American lawyer, farmer and politician

James Brownlow Yellowley (October 17, 1848 – 1914) was an American lawyer, farmer, and state legislator in Mississippi.

He was from Greenville, North Carolina the son of James Burroughs Yellowley and the grandson of Captain Edward Yellowley. His father James Burroughs Yellowley founded Ridgeland, Mississippi. He attended the University of North Carolina from 1866-1868. He lived in Madison, Mississippi.

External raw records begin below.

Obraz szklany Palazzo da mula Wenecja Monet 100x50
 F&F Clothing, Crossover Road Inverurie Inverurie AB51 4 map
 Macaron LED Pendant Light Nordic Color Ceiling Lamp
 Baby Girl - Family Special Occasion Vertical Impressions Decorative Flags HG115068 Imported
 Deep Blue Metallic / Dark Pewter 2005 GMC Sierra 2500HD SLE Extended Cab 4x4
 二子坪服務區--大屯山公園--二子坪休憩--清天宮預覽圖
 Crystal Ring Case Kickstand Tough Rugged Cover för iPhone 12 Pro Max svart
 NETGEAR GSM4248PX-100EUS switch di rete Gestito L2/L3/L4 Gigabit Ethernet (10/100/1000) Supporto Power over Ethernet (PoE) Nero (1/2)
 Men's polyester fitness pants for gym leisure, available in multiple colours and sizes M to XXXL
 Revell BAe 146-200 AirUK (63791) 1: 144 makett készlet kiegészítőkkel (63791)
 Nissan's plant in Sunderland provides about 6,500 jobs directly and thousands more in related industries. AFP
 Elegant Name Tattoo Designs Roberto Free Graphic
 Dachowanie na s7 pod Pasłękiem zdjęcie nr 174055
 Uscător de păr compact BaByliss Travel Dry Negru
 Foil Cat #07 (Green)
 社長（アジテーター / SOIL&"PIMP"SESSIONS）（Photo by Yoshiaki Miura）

In 1875, Henry R. Smith wrote about a meeting of Republicans that reached an agreement with Democrats in Madison County for a compromise ticket for the coming election which included Yellowley as a representative. He was elected to represent Madison County as a Democrat in the Mississippi House of Representatives in 1875 for the session starting 1876. He was the Republican nominee for Lieutenant Governor in 1881 and for a congressional seat in 1884. He was a spokesman for a grange.

Yellowley chaired a committee investigating the conduct of T. W. Cardozo.
He was a trustee at Tougaloo College.

He attended the 1908 Republican National Convention.

His extended family has been written about. He grew grapes, strawberries, and asparagus. He had a son Edward C. Yellowley (1873–1962) who became an enforcement agent for the Internal Revenue Service. He was named after Edward Clements Yellowley who was J. B. Yellowley's uncle.